Literally right as I finished my hype train post that went up…yesterday, now, I mentioned I hadn’t gotten into the Shadowlands Beta but that invites seemingly hadn’t gone out. Well, as soon as I hit Publish in the godawful new WP.com editor, what do I see on my Battle.net Launcher but the option for Shadowlands Beta!
So I updated the post, installed it, played an hour of Super Bunny Man with my fiancee, and then dove in.
When starting, I had a bunch of template choices for pre-rolled characters, and after goofing around with the new character creation settings and UI (it’s really REALLY good, guys), I dove in and made two Demon Hunters – one with Intro Experience as the template, starting at 50, and one with covenant choice, starting at 60. I haven’t yet actually played the level 60, and while I presented this as a conscious choice I made, it was actually done because my level 50 crashed in the first quest and I logged out to give some room, only for the 60 to crash at login. Beta is…not particularly stable!

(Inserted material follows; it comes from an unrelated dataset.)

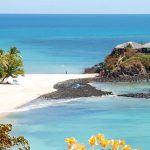 6c48569e5519c4ee765657d707db8a67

But, once I got going, I took my level 50 character through the entire starting experience, escaping the Maw, and then through the whole Bastion leveling experience minus a few optional quests right up to the point where you can run the first dungeon. I hit level 53 and a half, showing me that the pacing of levels so far is not going to be the limiter, but rather, story progression.
Here are my highlights:
Bastion and Oribos (but ESPECIALLY Bastion) are Beautiful: Sure, I saw it at Blizzcon last year, and I’ve been loosely following datamining coverage, but once you see it in person on your own PC (particularly a high-end one like mine) and it looks absolutely incredible. Bar none, it is the zone I have gawked at the most in WoW ever already. I took over 100 screenshots in beta already and about 80 are just gorgeous spots in Bastion. While I am not a fan of the leather Kyrian covenant set, the zone look may very well make me take it anyways – it’s that good!
Storytelling is On-Point in Bastion: Can’t speak to other zones yet, but Bastion has a nicely woven story that ties in a lot of different elements of the plot of the expansion along with revealing the interesting nature of how things work for the Kyrian. There is a loose thread or two at the end of the zone, but overall, it works out fairly nicely and you get a real sense of how things are breaking down in the Shadowlands.
Questing Structure is Tighter than Before with Better Delineation of Optional Quests: Bastion has a central quest structure and plot that requires you do the main story quests (now called “Campaign” in the game’s tracker UI), but does so in a nice enough way. The required quests are tightly bound to your main path through the zone, and as you complete those quests, optional quests will pop up in the bounds of your line of sight. You might find out about a ritual offering at a shrine, and suddenly an NPC will pop to attention and want you to gather some materials for one. It feels more interconnected and real, in a sense – as you integrate into Kyrian society and norms, they begin to introduce more of them to you and involve you in more. The natural setup of how things work in Shadowlands as is – being ferried to your destiny by decision of the Arbiter – means that the game doesn’t have to do as much legwork to make sense of why you’re being welcomed into the zone. We’ll have to see how that carries over into the remaining 3 story zones, however.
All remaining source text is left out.